|Introduction | Panasonic Lumix DMC-GH3 sensor performance | Panasonic Lumix DMC GH3 versus competition | Conclusion|
Hybrid is a word used both positively and negatively, quite appropriate for the photographic industry. The Panasonic Lumix DMC-GH3 wears this badge: "Hybrid", a mix of system and compact. It has a range of lenses spanning 7mm to 300mm (equivalent to 14mm up to 600mm in full frame 35mm) and a body that is not much bigger than a compact camera. Should it wear it with pride? Yes, it should…
The Panasonic Lumix DMC-GH3 is a small 4:3 camera, weighing in at 544g when fitted with its “default” lens, the Lumix G Vario 14/42mm f3.5-5.6 Aspherical. The 4:3 sensor gives the equivalent focal length for full frame 35mm exactly double. This particular 4:3 sensor is 16 MPix.

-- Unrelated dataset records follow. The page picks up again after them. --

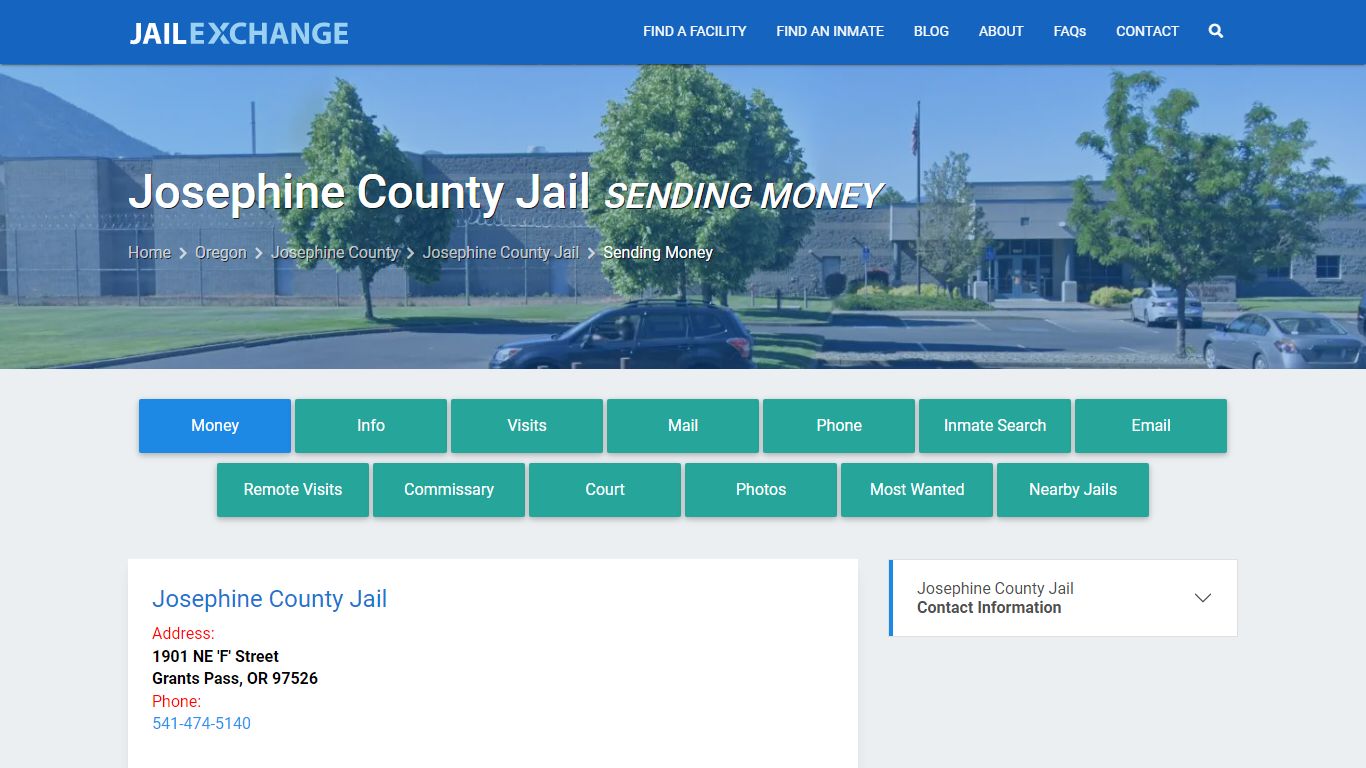 Send Money to Inmate - Josephine County Jail, OR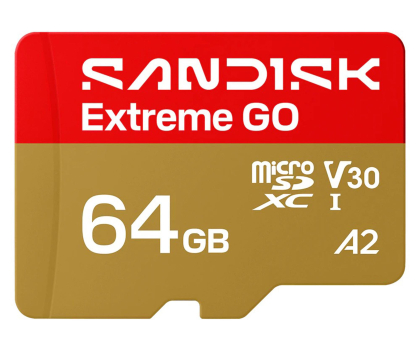 Karta pamięci Sandisk 64GB microSDXC Extreme Go UHS-I  170/80 MB/s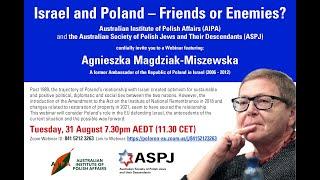 Webinar: Israel and Poland - Friends or Enemies?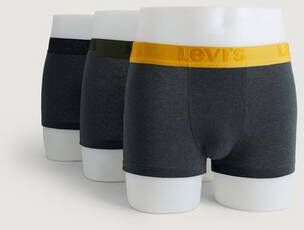 Levi'S 3-Pk Boxershorts Levis Men Premium Trunk Grå  Male Grå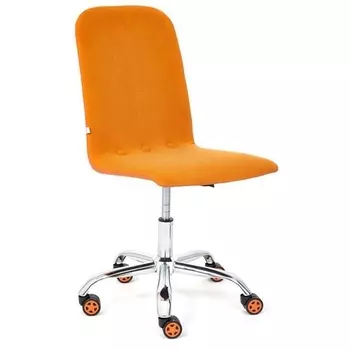 Кресло оранжевый/оранжевый (флок/кож/зам) Tetchair 112655 14188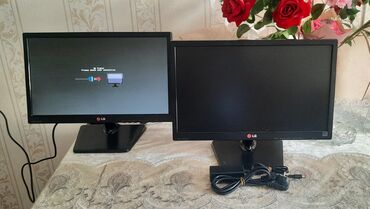 işlənmiş monitor: LG FLATRON Led monitoru. 19inch Mat göz ağrıtmayan ekrandı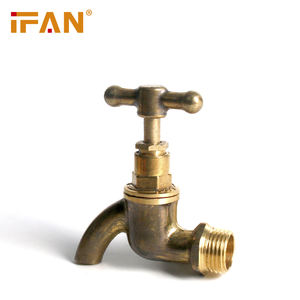 IFAN grifos de agua 1/2 de 3/4 pulgadas válvula de latón R07 válvula de bola de latón manija de la válvula - Product Image 4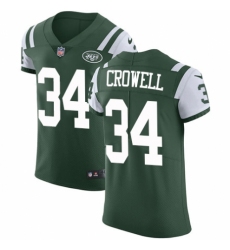 Men's Nike New York Jets #34 Isaiah Crowell Green Team Color Vapor Untouchable Elite Player NFL Jersey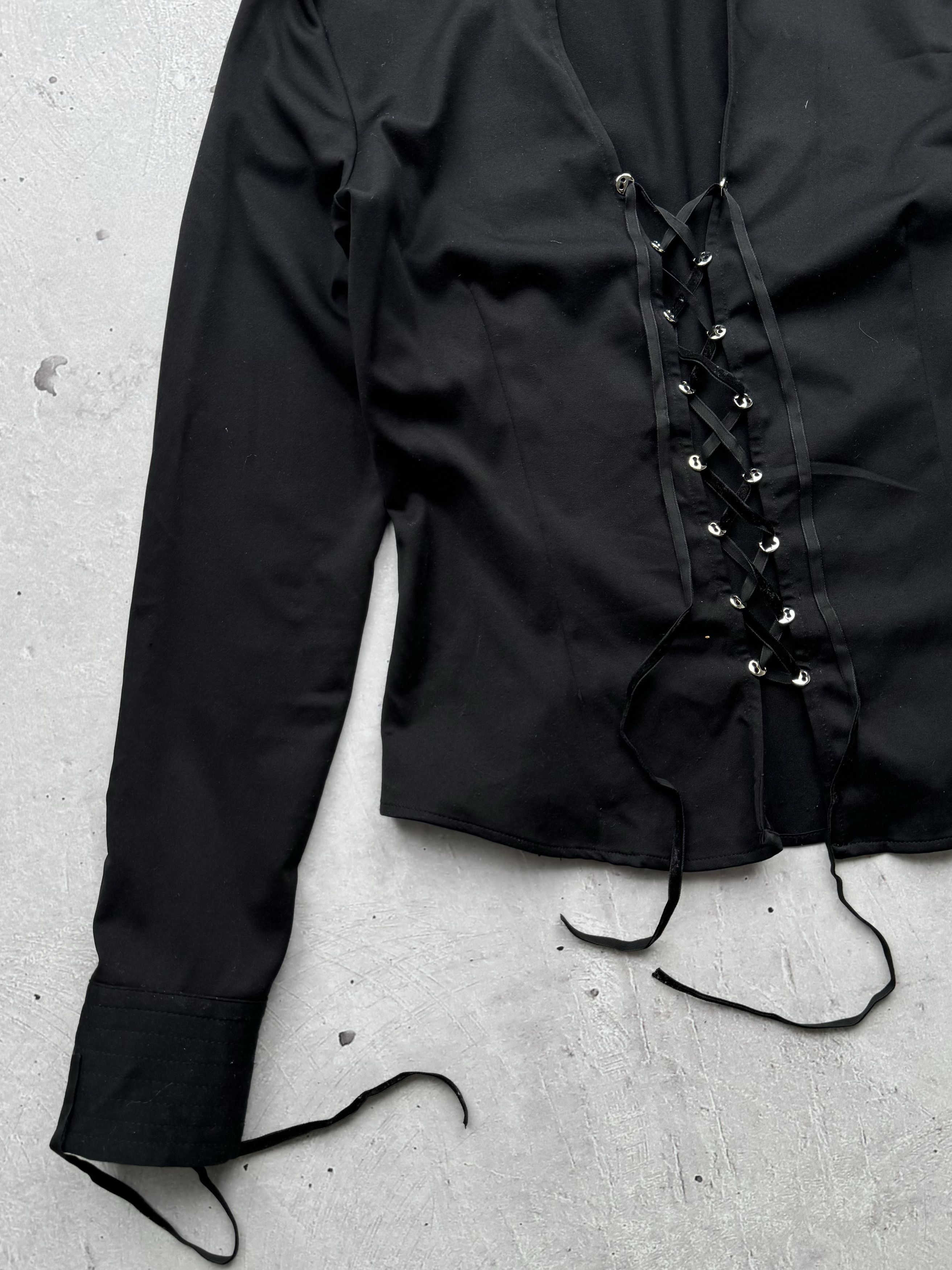 Japanese Brand × Vintage Vintage Bondage Blouse Size S / US 4 / IT 40 - 2 Thumbnail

The GH3 has all that you would expect from a camera aimed at the serious enthusiast, plus a few unusual extras like 3D capture if you buy the interchangeable H-FT012E 12mm 3D lens. Images can be recorded as jpeg or RAW, Single capture or bursts of up to 20 frames per second (depending on the resolution set). There is no Image stabilization built into the camera but many of the lenses, including the 14/42 are equipped with IS. The monitor screen is not massively high resolution at 614K but it is fully articulated and touch sensitive, allowing for features like touch AF which lets you to choose the focus point on the screen by simply touching it.
The styling is like a small SLR camera, but the view through the viewfinder is of a 1.4Mpix equivalent monitor, so like other hybrid cameras, there is no mirror to be flipped out of the way between viewing and capture. The video capture is full HD: 1080p and with the wide range of lenses available this makes for quite a versatile camera. The lenses are Micro 4:3 mount, so there are Panasonic’s own lenses and offerings from a host of other makers across a wide range of budgets.